Manufacturers bullish on industry conditions
Staff -- Industrial Distribution, 12/1/2004
Industrial manufacturing executives are forecasting a continued rise in their own companies' revenues and cash flow, positioning themselves for more and larger new investments, and readying for an increase in new hiring over the next 12 months. But they are less confident about the domestic and global economies than they were three months ago, according to the Q3 2004 PricewaterhouseCoopers' Manufacturing Barometer survey, released in October.
The survey shows that manufacturers are confident about the economic future of their industry.
Executives such as Tim Tevens, president and CEO of Columbus McKinnon Corp. and vice president of the Industrial Supply Assn., agreed, saying, "We feel very confident about our markets.
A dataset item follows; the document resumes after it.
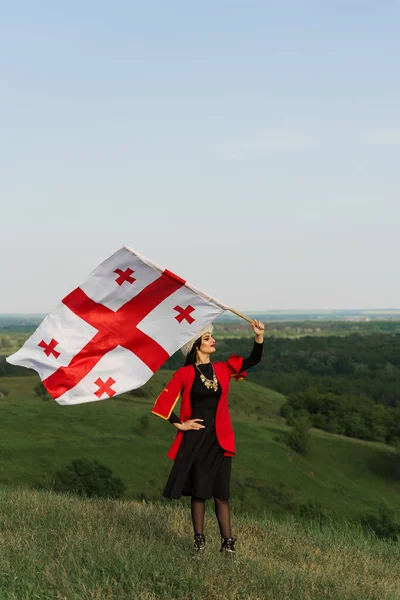 Georgian girl waving national flag of Georgia on blue sky background. Georgian culture lifestyle. Woman in papakha and red dress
Our user markets are very responsive, and for the past nine months we have been feeling very robust demand."
He said he anticipates increased revenues for his company and the industry in general.
The majority of manufacturers, on the other hand, are less upbeat about the general eco-nomy. In late October, Tevens said rising interest rates, rising oil and natural gas prices, increased health care costs, and the uncertainty of the U.S. presidential elections were factors contributing to the less than positive economic outlook.
Even with the overall economic uncertainty, Manufacturing Barometer panelists continue to maintain a positive—even improving—outlook for their companies. They project higher revenue growth, strong margins, new hiring, new capital investments, and heightened interest in mergers and acquisitions.
Although slightly fewer manufacturers expect positive growth in the year ahead (87 percent, down from 91 percent), they have boosted their average 12-month revenue growth target to 9 percent, up from 7.7 percent in the previous quarter.
According to Ray Reynertson, president and CEO of the Sturtevant Richmont Div. of Ryeson Corp., "We will see growth for our company in the 8 to 10 percent range, with much of the growth coming from products introduced within the last two years and new products to be released this upcoming year."
Though costs were up for 53 percent of manufacturers and lower for only 23 percent last quarter, pricing power remained strong. Forty-five percent increased prices, and only 16 percent decreased them.
Though fewer manufacturers expect to hire over the next 12 months (41 percent, down from 52 percent), overall hiring plans show a strong gain, jumping to 1.7 percent of workforce, from 0.4 percent in the prior estimate.
Tevens said he does not anticipate increased hiring for his company in the next year.
"We've been fooled before and are being more cautious now," he said. "This has not been a period of normal economic recovery. We want to make sure we can keep colleagues for a long time before we hire them. The industry in general is hiring at a slower, more cautious pace because people don't want to be stuck with excess costs."
Reynertson does expect to hire, and anticipates slight growth in overall hiring.
"We will be hiring, and I believe we will see a very modest increase in manufacturing employment," he said.
More manufacturers are planning major new investments at a steady 7.4 percent of revenues. Increased budgets are expected for new product and service introductions, and for research and development.
Over the next 12 months, 55 percent of those surveyed expect to consider mergers and acquisitions, up from 43 percent in the prior quarter. Included are 39 percent contemplating the purchase of another business; 20 percent, the sale of their own business, whole or in part; and 16 percent equity spin-offs.
According to the industrial manufacturing executives surveyed, the year ahead looks promising for their industry, but their outlook on the domestic and foreign economies is anything but confident.